3) Reboot both DVRs.


----------



## veryoldschool (Dec 10, 2006)

The HR23 doesn't have an internal DECA as the 24 does, so if you don't have a DECA adapter on the HR23 you'll need one, or use ethernet.


----------



## Doc4pcs (Jun 1, 2012)

They installed a deca with my original install a few years ago connected to the HR24. Does that need to be hooked to the HR23 instead of the HR24 now?

And yes, the receiver has been removed on the account and the dvr is showing on my account.


----------



## TDK1044 (Apr 8, 2010)

The HR24 has an internal DECA and doesn't need an external one.


----------



## The Merg (Jun 24, 2007)

Doc4pcs said:


> They installed a deca with my original install a few years ago connected to the HR24. Does that need to be hooked to the HR23 instead of the HR24 now?
> 
> And yes, the receiver has been removed on the account and the dvr is showing on my account.


The "DECA" that was installed near the HR24 was most likely the Cinema Connection Kit (CCK) that allows the Internet to get from your home network to your receivers. You need a DECA for the HR23, since as mentioned, the HR24 and H24 have built-in DECAs and the HR23 does not.

Quick way to check if you have a DECA for the HR23: do you have an ethernet cable connected to the HR23 from a small little box behind the HR23? No, then no DECA.

If you don't have one, call up DirecTV and have them send one to you. The coax that goes to the HR23 will plug into the DECA. The DECA has a coax that will plug into the HR23 and also a small ethernet cable jumper that goes to the HR23 ethernet port. In the meantime, you can hook up an ethernet cable from your router to the HR23 to get MRV working.

- Merg


----------



## veryoldschool (Dec 10, 2006)

Doc4pcs said:


> They installed a deca with my original install a few years ago connected to the HR24. Does that need to be hooked to the HR23 instead of the HR24 now?
> 
> And yes, the receiver has been removed on the account and the dvr is showing on my account.
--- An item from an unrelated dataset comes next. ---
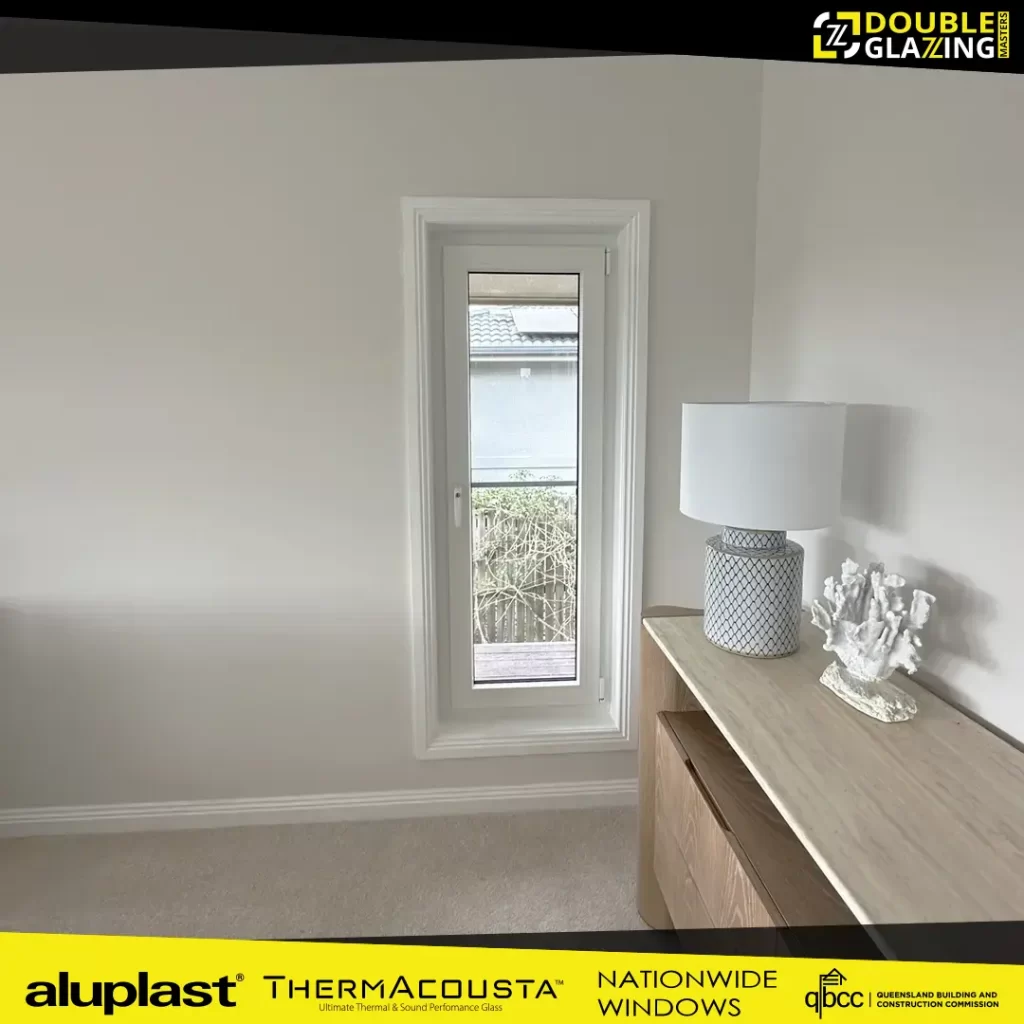 Extensive uPVC Windows & Doors Upgrades by Double Glazing Masters 2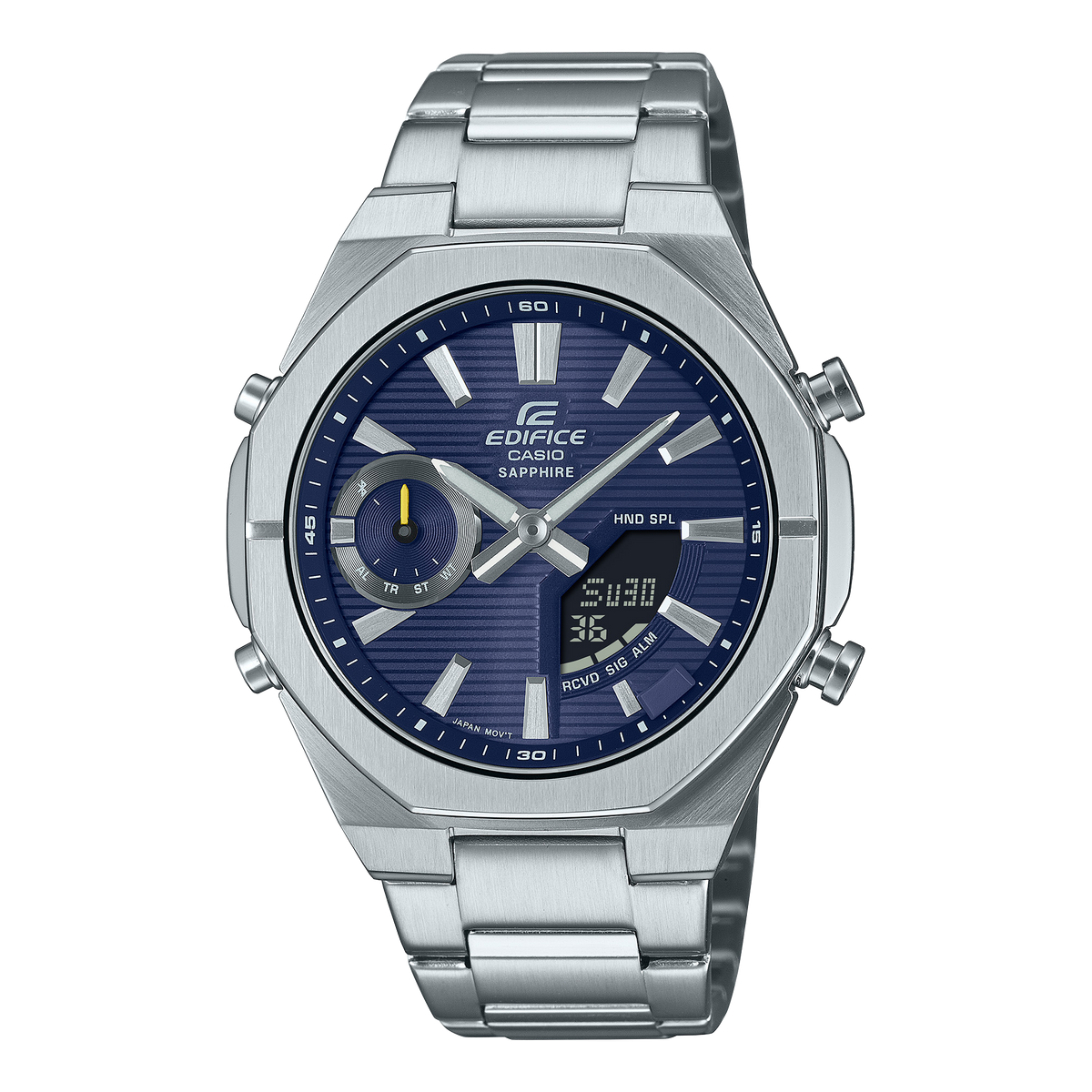 EDIFICE-ECBS10D-2A-Watches-CASIO Australia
You might need to give some more information here.
The HR24 can't power a DECA adapter, so the DECA there may be what's using to bridge to your home network. If so then you can't move it to the HR23.
The HR23 should have this:


----------



## Doc4pcs (Jun 1, 2012)

I keep trying to put up a picture but I don't have enough post in the forum yet, I have a deca1mr0-01 connected to my main tv


----------



## Doc4pcs (Jun 1, 2012)

I just plugged in a long cat5 cable from the HR23 to my router and I have success. However that will mean that I will have to run another jack to my bedroom unless someone knows something easier


----------



## harsh (Jun 15, 2003)

Doc4pcs said:


> I was offered an upgrade to change the HD receiver to another HD dvr. I was sent a HR23-700 to replace the receiver with.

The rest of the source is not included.